OBJECTIVE: Vulvar intraepithelial neoplasia (VIN) is a premalignant lesion of the vulva. The incidence of VIN is increasing. The surgery is currently the gold standard therapy for VIN, but Imiquimod could be a completion to surgery. The aim of this study is to compare the overall complete response, the recurrence rate and the risk factors for recurrence among two groups of patients: women with high grade VIN underwent surgery and patients treated with surgery plus Imiquimod.

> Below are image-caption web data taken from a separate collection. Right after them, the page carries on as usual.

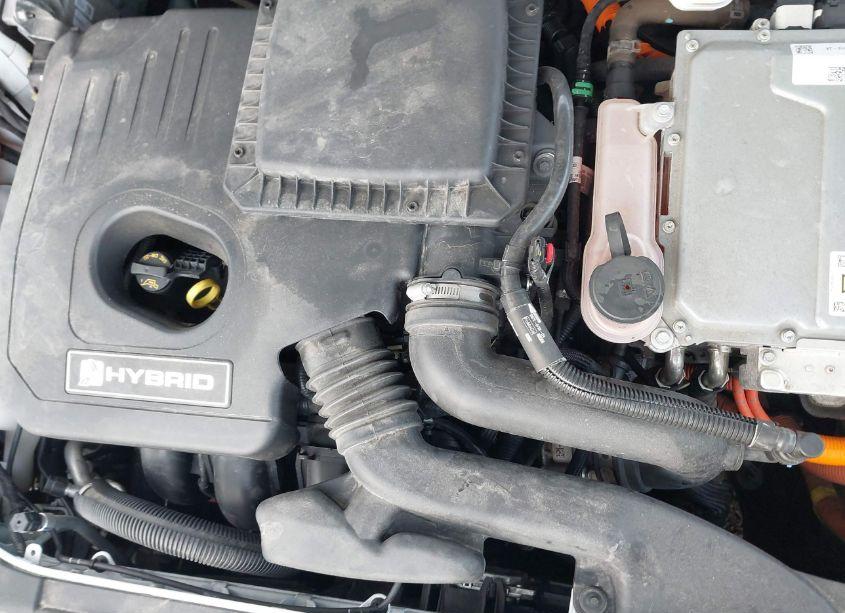 Photo 10 of 2019 Ford Fusion HYBRID SE (VIN 3FA6P0LU2KR223122)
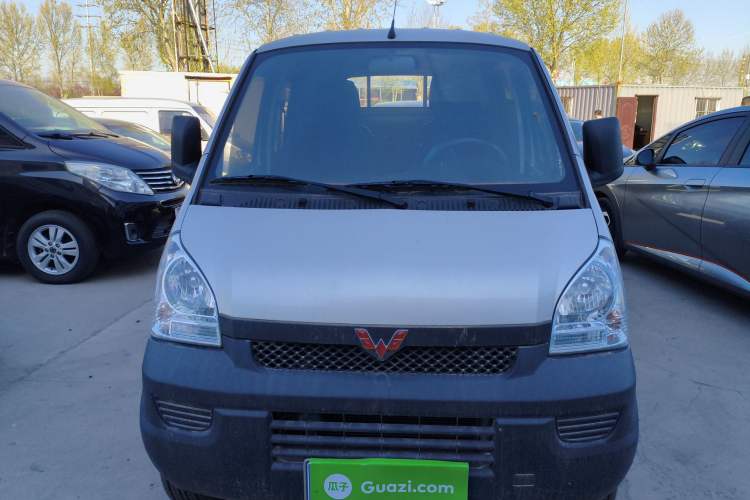 Used Wuling Rongguang Small Truck 2023 1.5L Double-Cab LAR Front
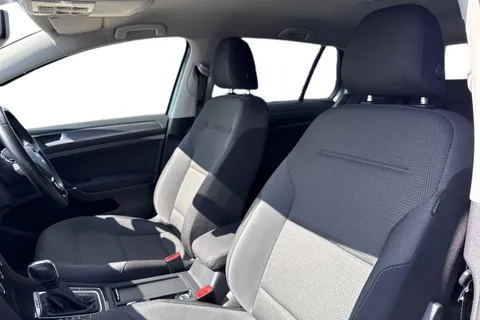 16 of 43 for Volkswagen E-Golf 99kW e-35kWh 5dr Auto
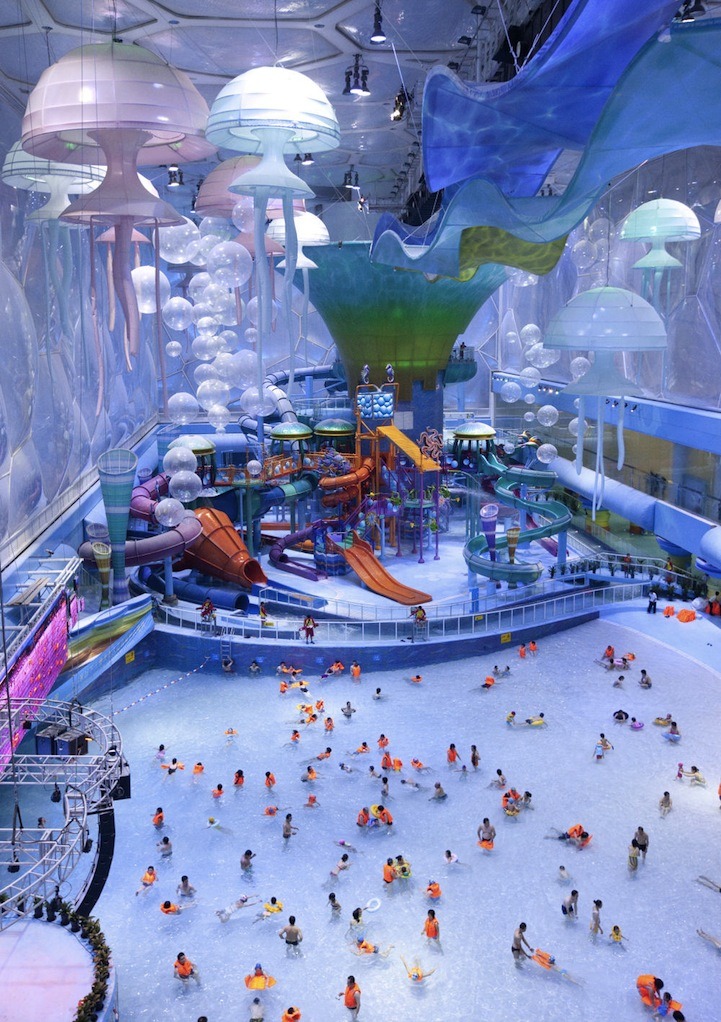 inthecornerofacircularroom:  wtf is this place, where is it, I wanna go now.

PATIENTS AND METHODS: 80 patients with histologically diagnosed VIN 2/3 were enrolled in this prospective study. Our patients were divided into two groups: 40 women underwent surgery (A) and 40 patients were treated with surgery plus Imiquimod (B). All women had a 5-year follow-up. Recurrence rate and complete response were evaluated. The following patients' characteristics were analyzed: smoke, multifocal disease, multicentric disease, degree of the lesion.

RESULTS: In the group A recurrence rate was 44.8%, in the group B it was 48.4%. In both groups the presence of multifocal lesions (p = 0.02) and VIN 3 (p = 0.006) before treatment was associated with a higher risk of recurrence.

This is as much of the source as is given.